• **Exercise requirements**
Restate word for word the span of lines that opens with the line containing "Spring set with" and closes with the last line of the material. Include both ends and nothing more.
(Task material begins)
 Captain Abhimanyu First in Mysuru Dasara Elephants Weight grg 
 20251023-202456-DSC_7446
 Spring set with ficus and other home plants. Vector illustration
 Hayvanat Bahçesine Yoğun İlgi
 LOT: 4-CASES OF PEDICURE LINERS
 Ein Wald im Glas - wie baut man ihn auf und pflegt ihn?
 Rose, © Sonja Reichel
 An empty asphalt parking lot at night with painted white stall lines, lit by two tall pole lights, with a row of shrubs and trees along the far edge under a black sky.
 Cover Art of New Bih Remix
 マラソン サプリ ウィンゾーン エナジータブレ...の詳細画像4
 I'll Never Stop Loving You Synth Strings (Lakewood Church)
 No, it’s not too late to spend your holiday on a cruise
(Task material ends)
• **Your solution**
 Spring set with ficus and other home plants. Vector illustration
 Hayvanat Bahçesine Yoğun İlgi
 LOT: 4-CASES OF PEDICURE LINERS
 Ein Wald im Glas - wie baut man ihn auf und pflegt ihn?
 Rose, © Sonja Reichel
 An empty asphalt parking lot at night with painted white stall lines, lit by two tall pole lights, with a row of shrubs and trees along the far edge under a black sky.
 Cover Art of New Bih Remix
 マラソン サプリ ウィンゾーン エナジータブレ...の詳細画像4
 I'll Never Stop Loving You Synth Strings (Lakewood Church)
 No, it’s not too late to spend your holiday on a cruise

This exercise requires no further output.